> [Required work]: Down to the last line, repeat the entries exactly and drop any image.

> [Dataset]:
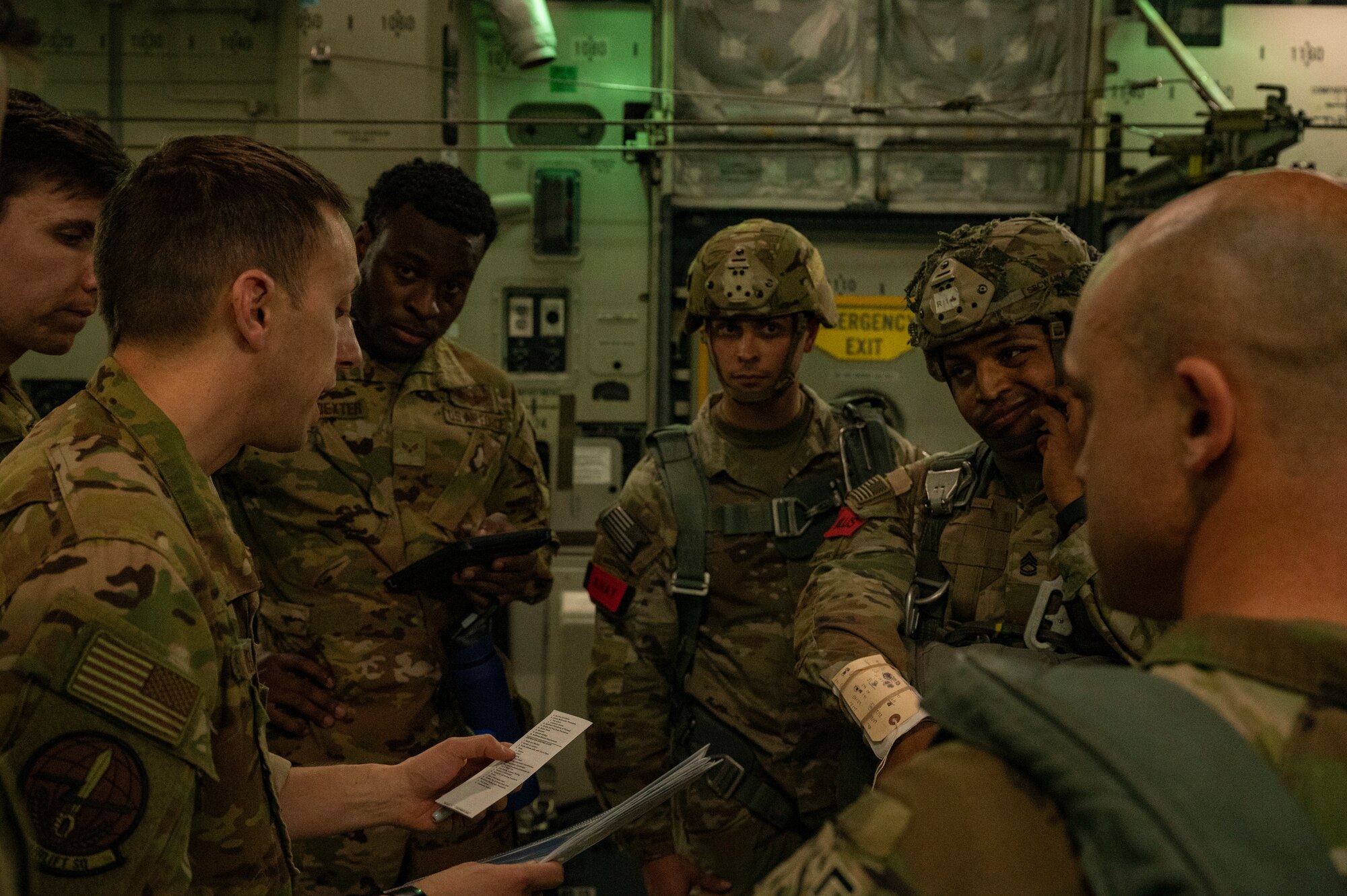 U.S. Air Force Maj. Matthew Weinberg, left, 7th Airlift Squadron pilot, briefs U.S. Army jumpmasters assigned to the 82nd Airborne Division, Fort Bragg, North Carolina, during Battalion Mass Tactical Week at Pope Army Airfield, North Carolina, Feb. 1, 2022. BMTW is a joint exercise between the U.S. Air Force and the U.S. Army, which gives participants the ability to practice contingency operations in a controlled environment. (U.S. Air Force photo by Airman 1st Class Charles Casner)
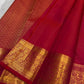 Traditional antique gold zari border on radiant pink Kanchipuram silk saree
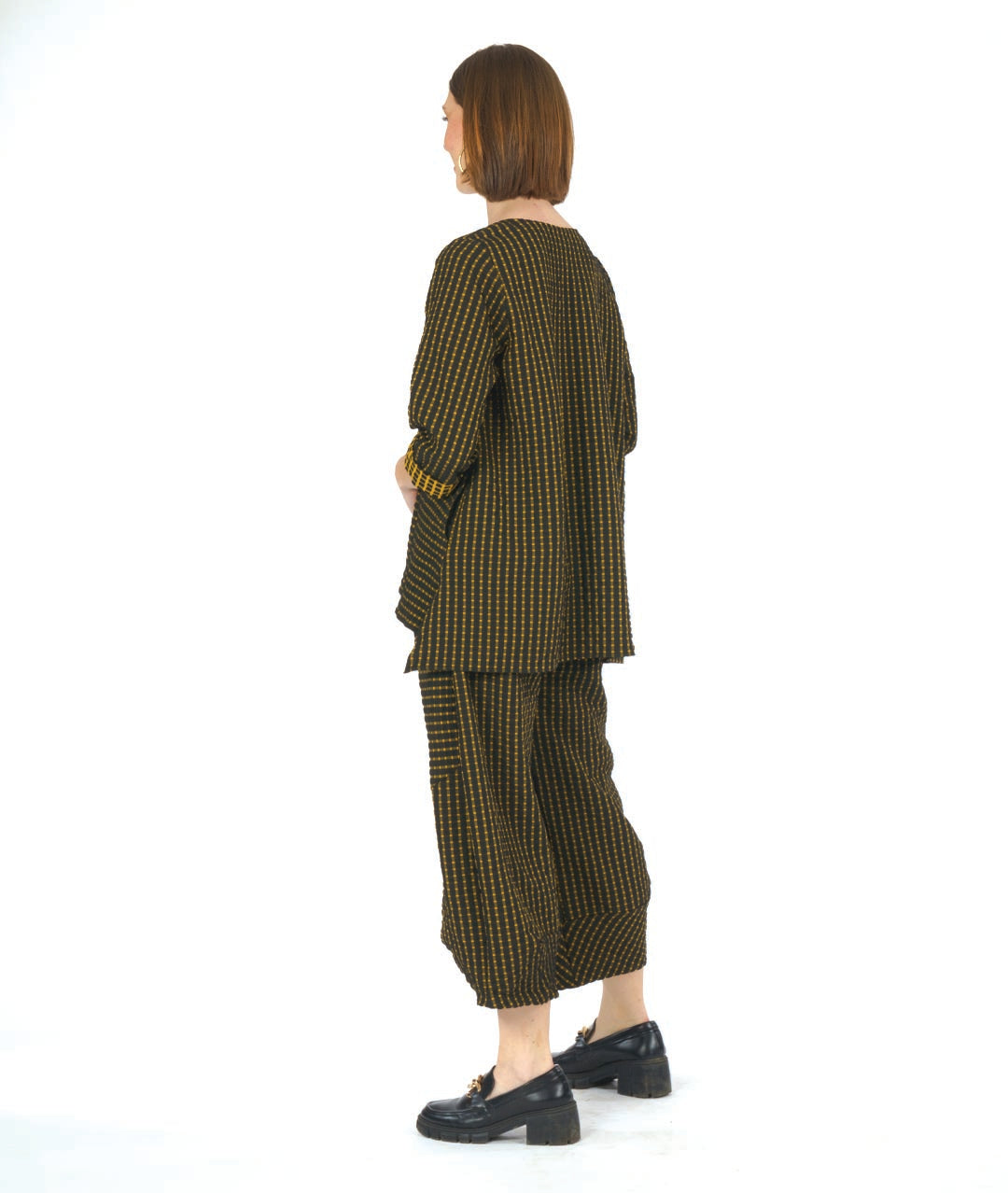 model in a black and yellow check print pullover top with contrasting panels and a v-neck. worn with a matching wide leg pant with an oversized pocket and tapered ankle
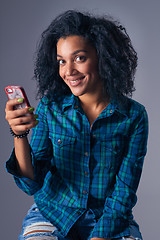 Image showing Woman using her cell phone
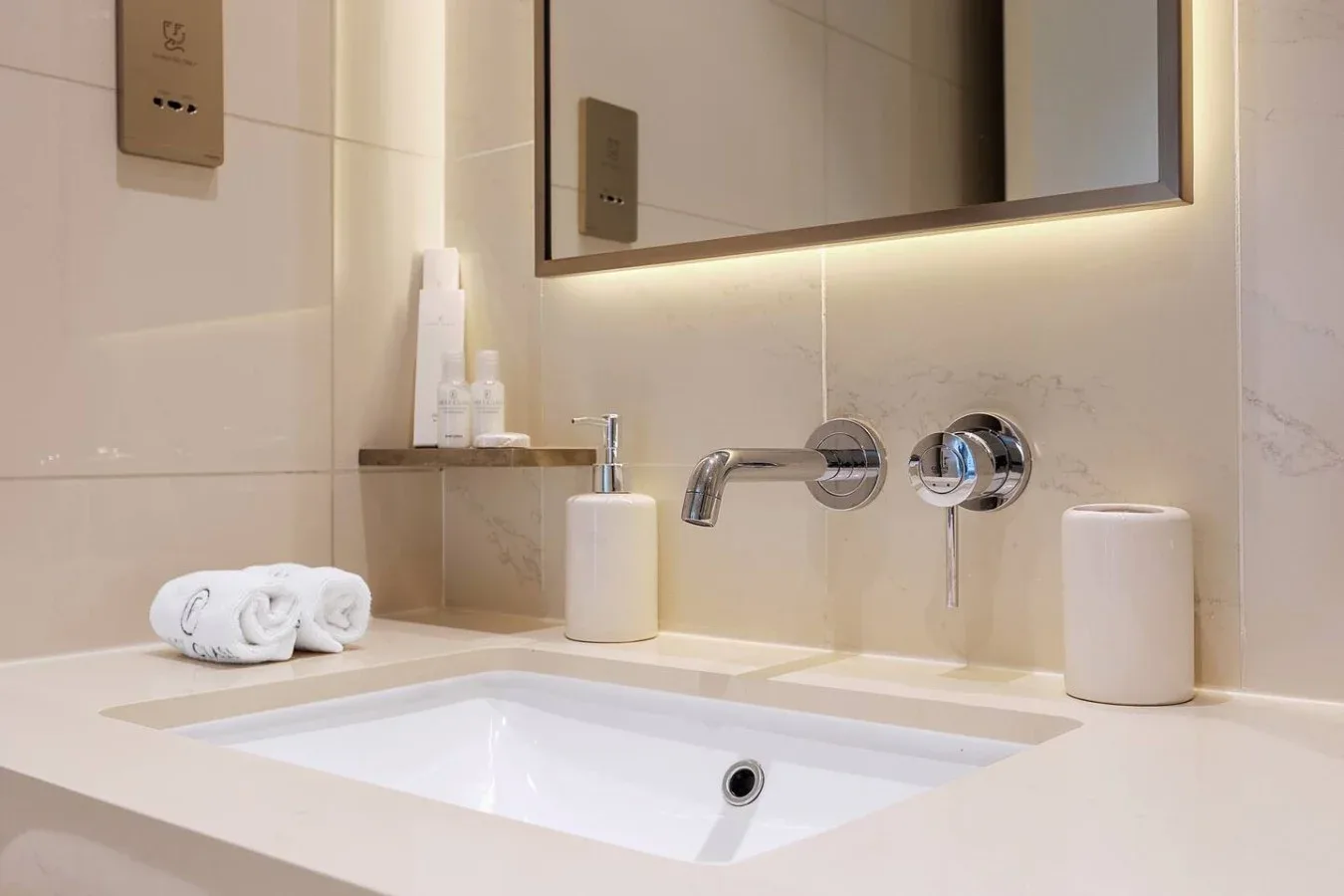 Un lavabo de baño con fregadero blanco, grifo de pared y espejo iluminado.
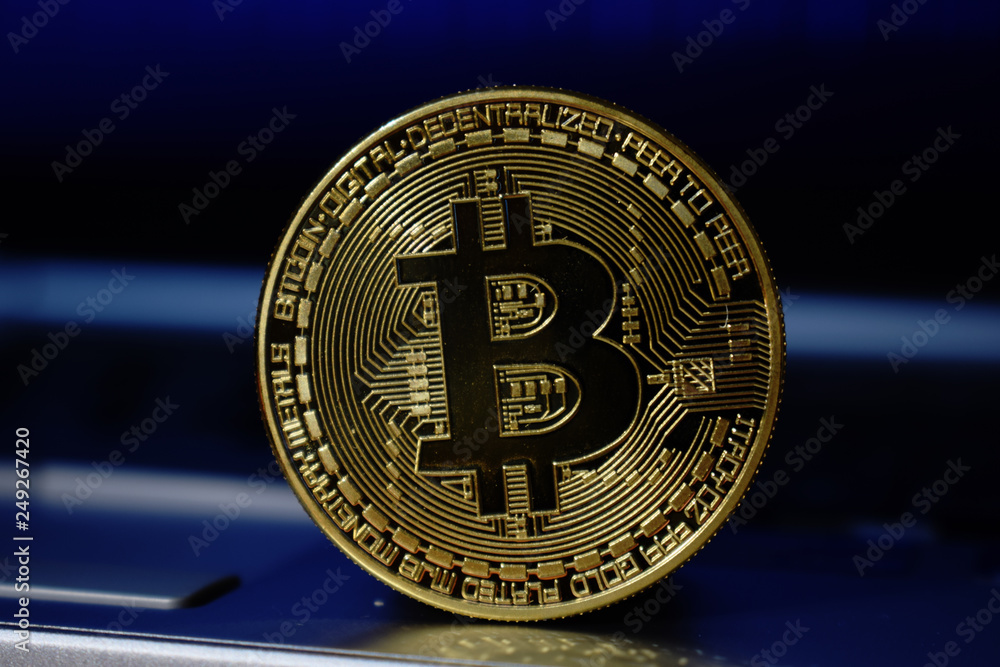 Bitcoin currency with blockchain concept on laptop, Golden Bitcoin. Digital currency close-up. New virtual money. Exchange.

> [Solution to this problem]:
 U.S. Air Force Maj. Matthew Weinberg, left, 7th Airlift Squadron pilot, briefs U.S. Army jumpmasters assigned to the 82nd Airborne Division, Fort Bragg, North Carolina, during Battalion Mass Tactical Week at Pope Army Airfield, North Carolina, Feb. 1, 2022. BMTW is a joint exercise between the U.S. Air Force and the U.S. Army, which gives participants the ability to practice contingency operations in a controlled environment. (U.S. Air Force photo by Airman 1st Class Charles Casner)
 Traditional antique gold zari border on radiant pink Kanchipuram silk saree
 model in a black and yellow check print pullover top with contrasting panels and a v-neck. worn with a matching wide leg pant with an oversized pocket and tapered ankle
 Image showing Woman using her cell phone
 Un lavabo de baño con fregadero blanco, grifo de pared y espejo iluminado.
 Bitcoin currency with blockchain concept on laptop, Golden Bitcoin. Digital currency close-up. New virtual money. Exchange.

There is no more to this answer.